-- The task --
Copy out all of the lines below exactly; the pictures do not belong in the copy.
------------------------------
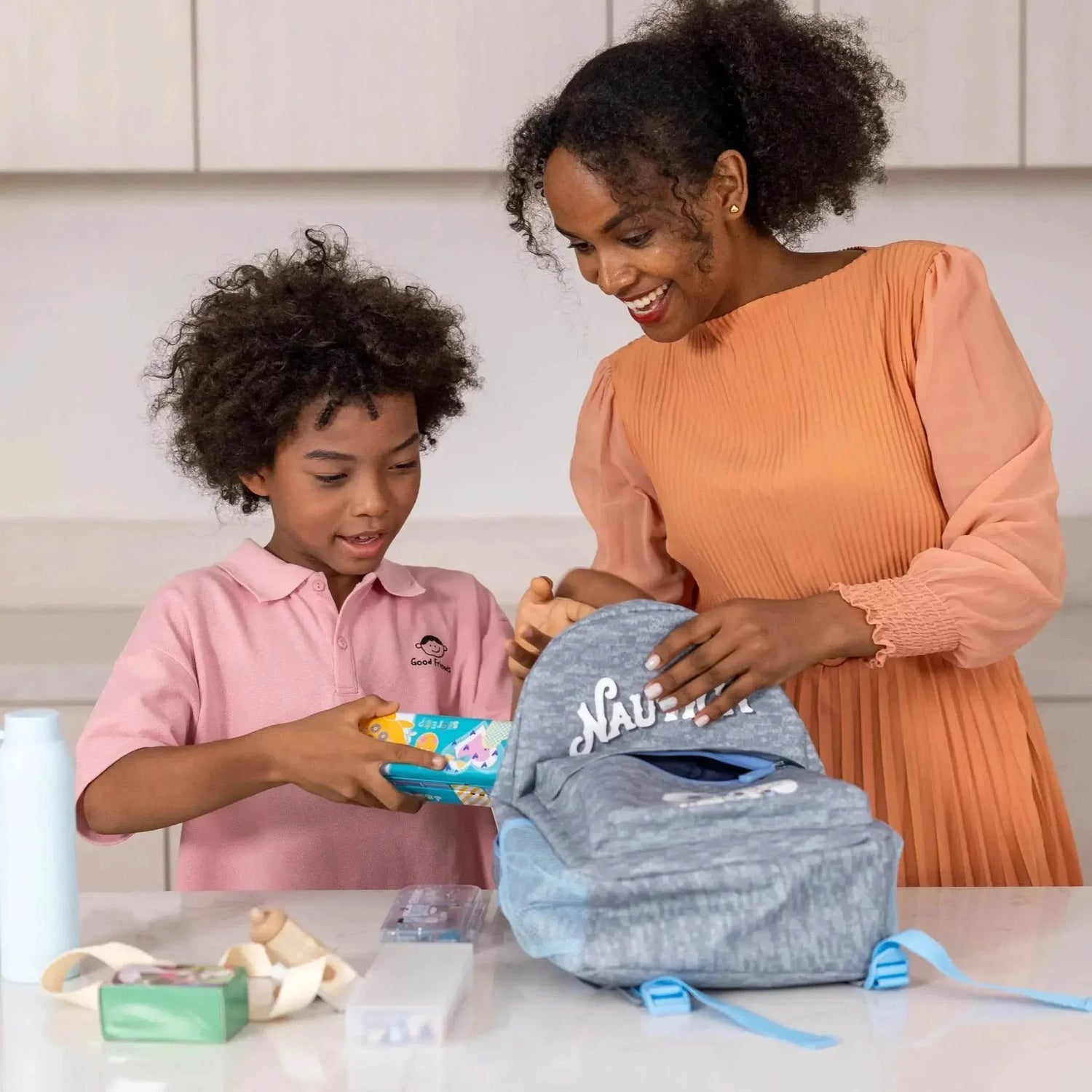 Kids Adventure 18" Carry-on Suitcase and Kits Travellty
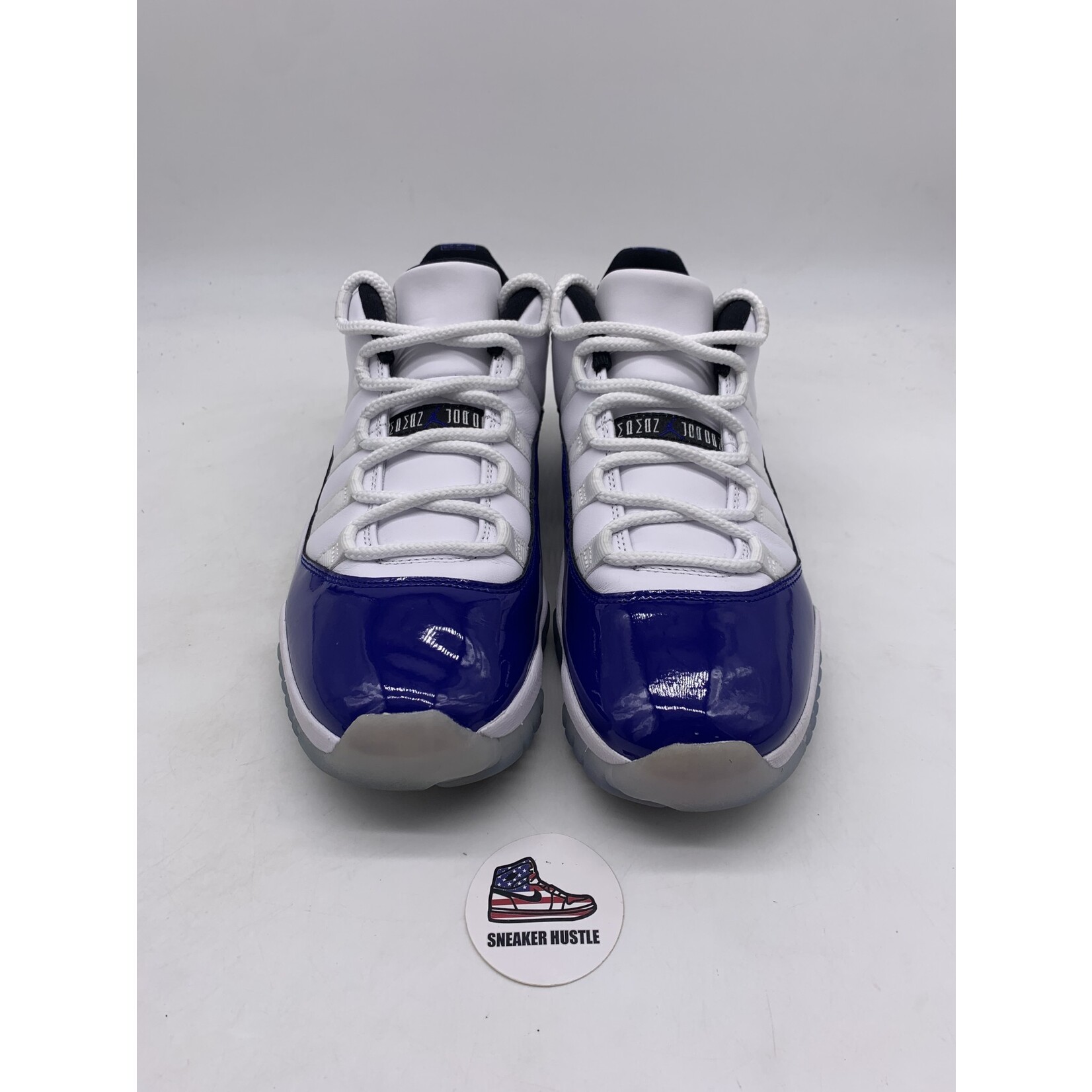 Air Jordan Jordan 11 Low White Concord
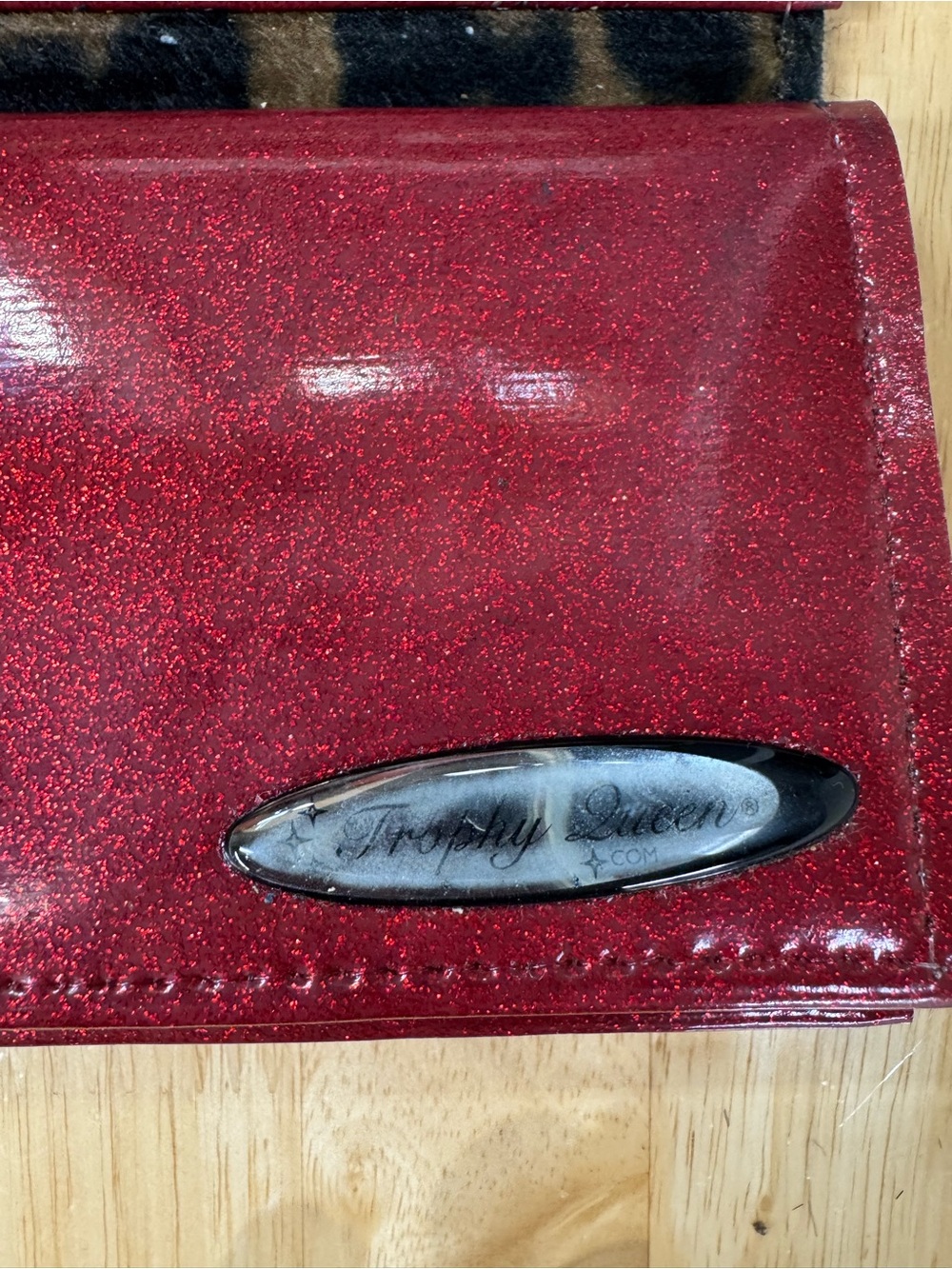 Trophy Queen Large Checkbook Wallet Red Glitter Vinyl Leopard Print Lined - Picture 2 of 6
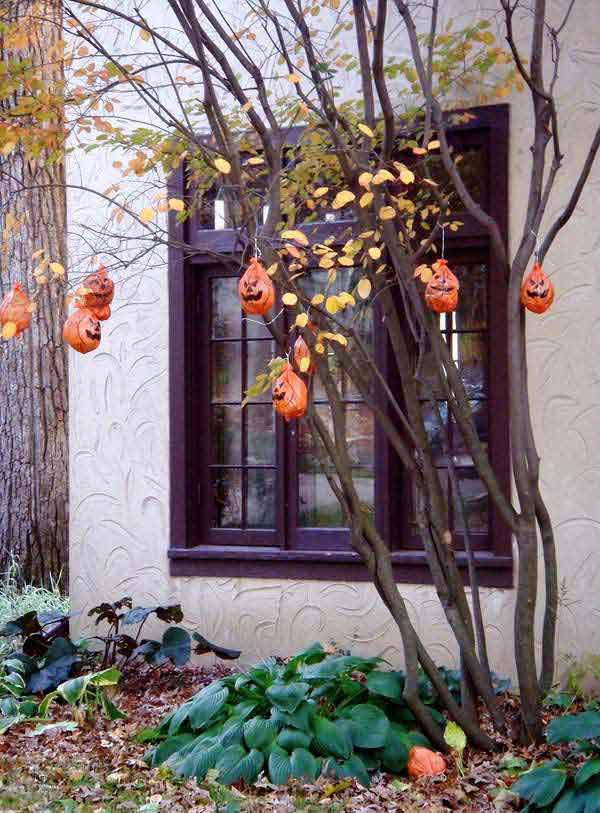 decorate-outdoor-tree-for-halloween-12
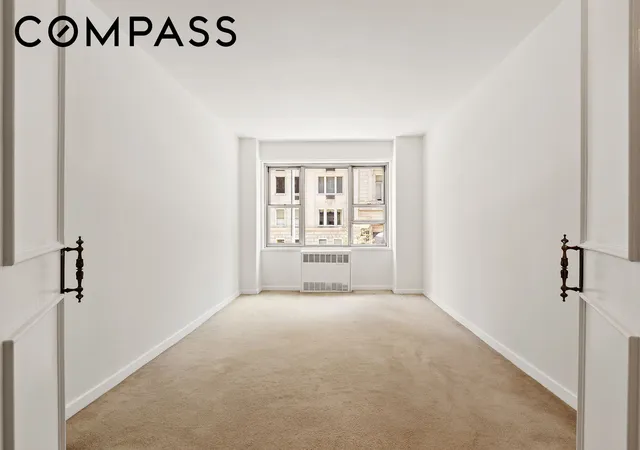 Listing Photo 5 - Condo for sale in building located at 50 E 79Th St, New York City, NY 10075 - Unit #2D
------------------------------
-- Task solution --
 Kids Adventure 18" Carry-on Suitcase and Kits Travellty
 Air Jordan Jordan 11 Low White Concord
 Trophy Queen Large Checkbook Wallet Red Glitter Vinyl Leopard Print Lined - Picture 2 of 6
 decorate-outdoor-tree-for-halloween-12
 Listing Photo 5 - Condo for sale in building located at 50 E 79Th St, New York City, NY 10075 - Unit #2D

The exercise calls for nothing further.